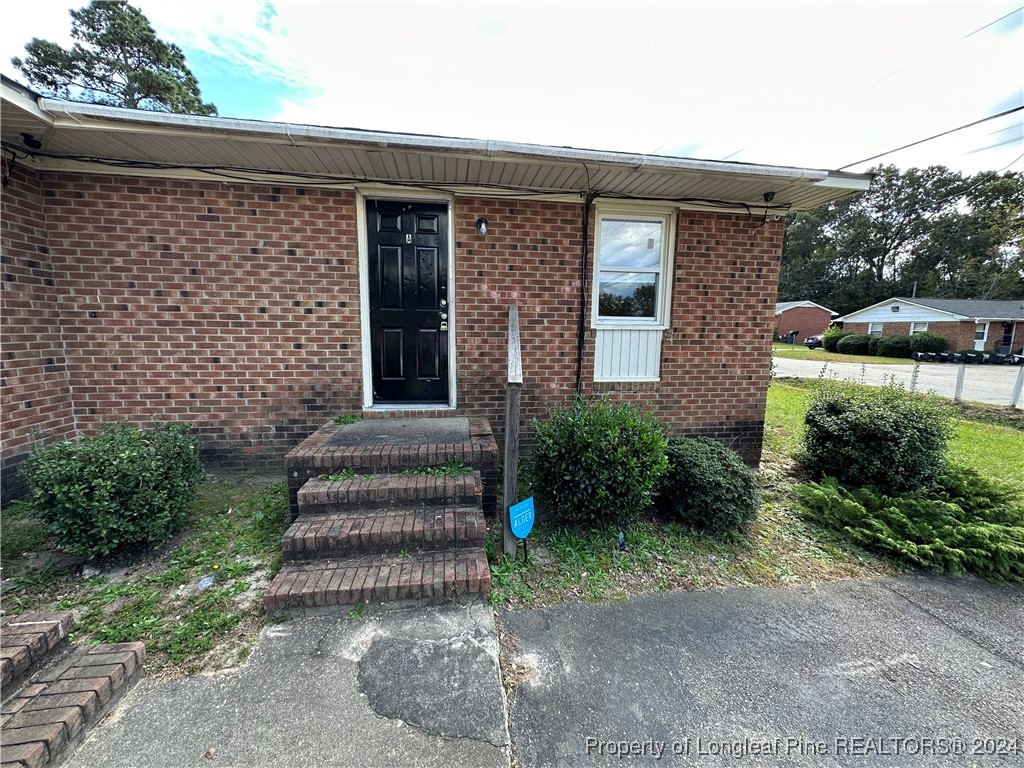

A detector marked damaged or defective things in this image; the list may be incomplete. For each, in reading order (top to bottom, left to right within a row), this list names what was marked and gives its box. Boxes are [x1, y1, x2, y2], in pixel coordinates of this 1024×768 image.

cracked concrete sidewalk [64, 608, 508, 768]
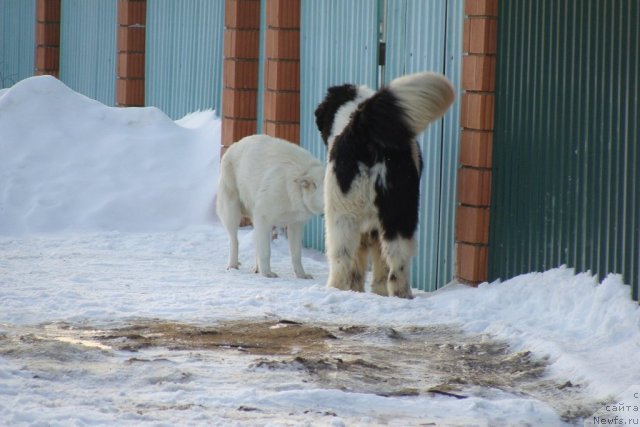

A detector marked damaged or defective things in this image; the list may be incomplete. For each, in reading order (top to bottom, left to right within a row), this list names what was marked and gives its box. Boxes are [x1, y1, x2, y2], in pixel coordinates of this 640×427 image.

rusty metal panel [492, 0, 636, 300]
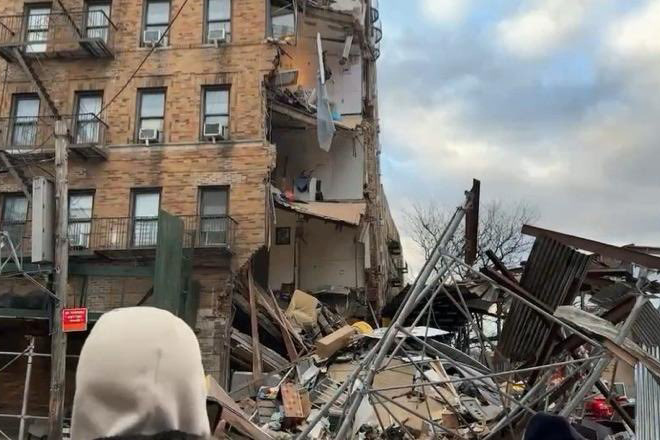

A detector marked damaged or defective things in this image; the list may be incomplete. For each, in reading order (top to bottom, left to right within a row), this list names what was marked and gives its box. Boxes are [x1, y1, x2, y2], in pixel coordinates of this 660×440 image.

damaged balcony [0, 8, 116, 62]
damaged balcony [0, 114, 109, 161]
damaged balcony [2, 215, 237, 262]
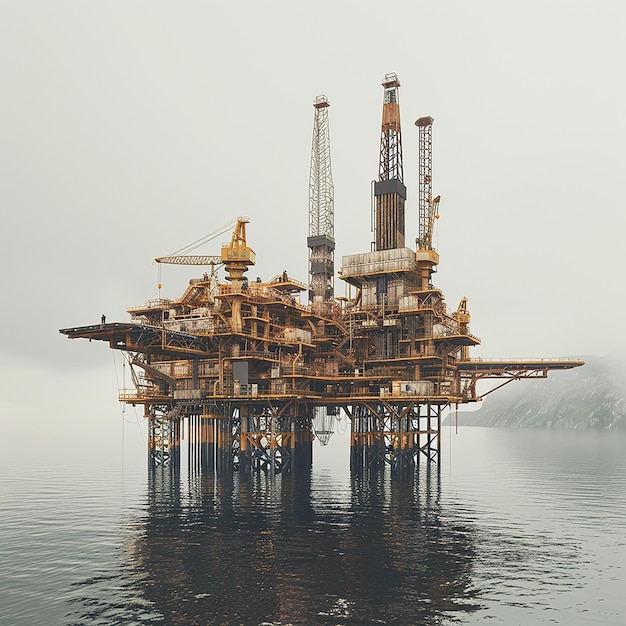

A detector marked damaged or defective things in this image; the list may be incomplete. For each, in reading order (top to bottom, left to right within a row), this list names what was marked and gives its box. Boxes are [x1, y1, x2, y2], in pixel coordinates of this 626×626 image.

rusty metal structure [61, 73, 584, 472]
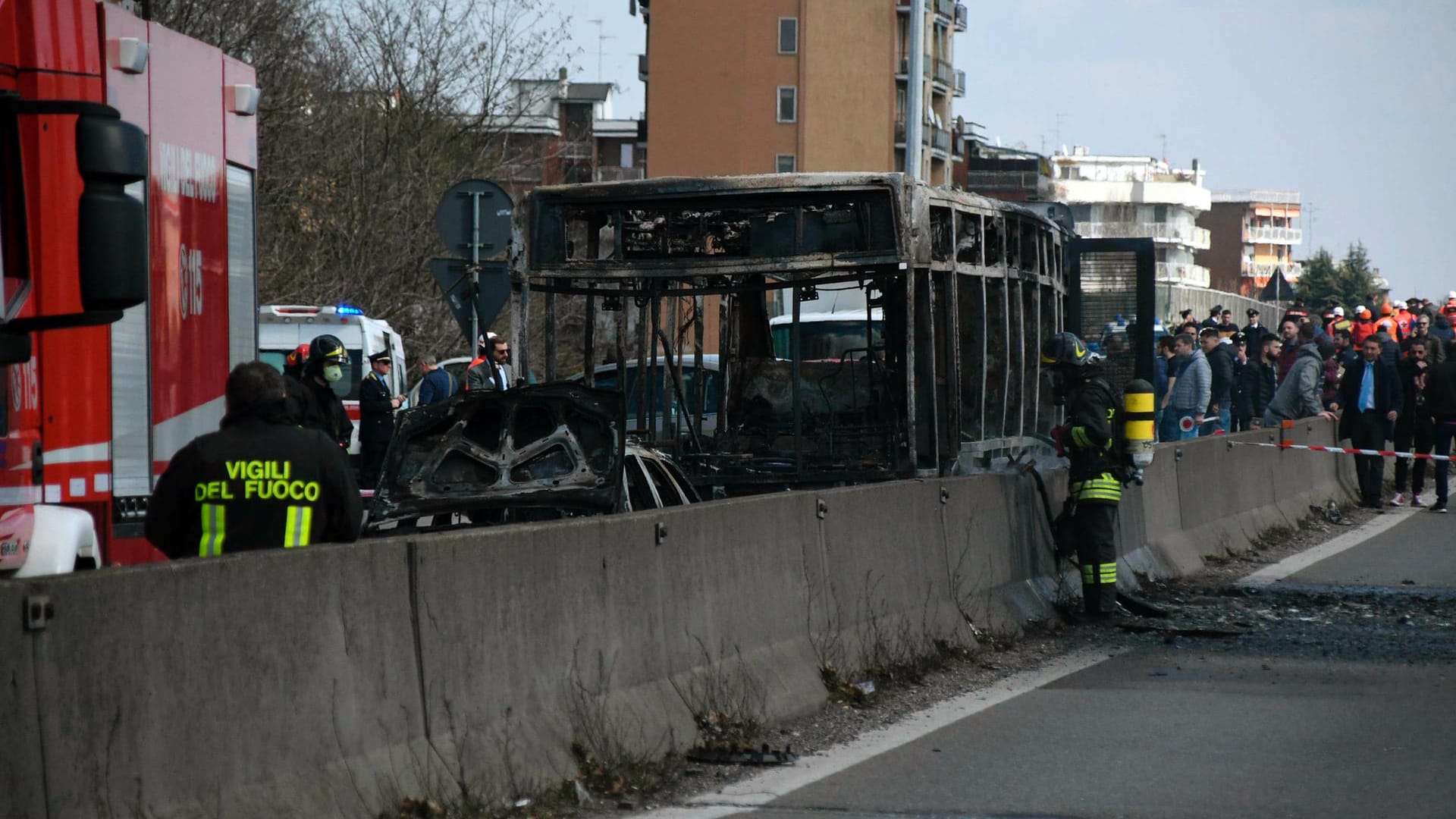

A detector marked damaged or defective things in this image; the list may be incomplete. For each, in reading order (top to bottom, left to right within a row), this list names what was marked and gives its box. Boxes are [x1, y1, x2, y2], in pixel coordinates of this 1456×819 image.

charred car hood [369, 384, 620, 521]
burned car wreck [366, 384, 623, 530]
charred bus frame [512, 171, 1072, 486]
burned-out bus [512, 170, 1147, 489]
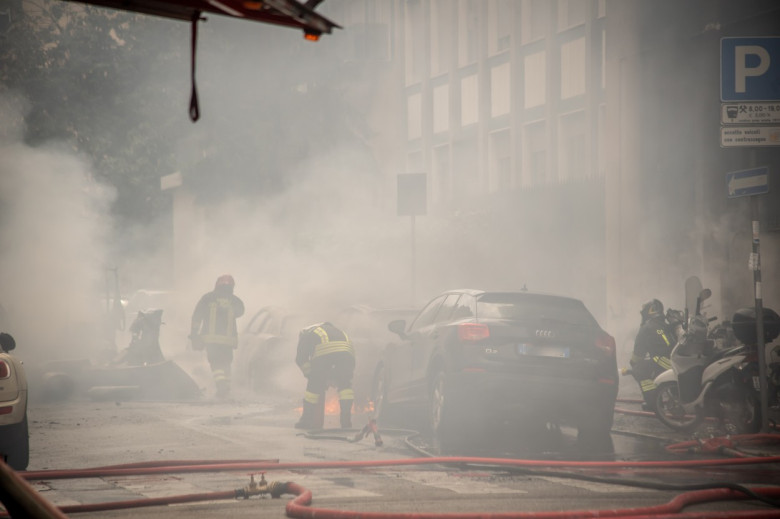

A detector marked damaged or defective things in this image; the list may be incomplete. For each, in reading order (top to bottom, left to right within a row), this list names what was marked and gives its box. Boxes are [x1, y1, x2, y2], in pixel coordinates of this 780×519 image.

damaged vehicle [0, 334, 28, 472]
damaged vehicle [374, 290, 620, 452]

§ **About this exercise**
Leave out each picture and extract the lines from the one containing "this 1456×819 image." through the end of the records above, inclusive, exactly as they stand.

§ **Task answer**
A detector marked damaged or defective things in this image; the list may be incomplete. For each, in reading order (top to bottom, left to right within a row), this list names what was marked and gives its box. Boxes are [x1, y1, x2, y2], in pixel coordinates of this 1456×819 image.

charred car hood [369, 384, 620, 521]
burned car wreck [366, 384, 623, 530]
charred bus frame [512, 171, 1072, 486]
burned-out bus [512, 170, 1147, 489]

A detector marked damaged or defective things in this image; the list may be incomplete. For each, in reading order (top to bottom, left to right within a row), this list names what was marked and gives its box. Boxes are [x1, y1, x2, y2], in pixel coordinates of this 780×519 image.

damaged vehicle [0, 334, 28, 472]
damaged vehicle [374, 290, 620, 452]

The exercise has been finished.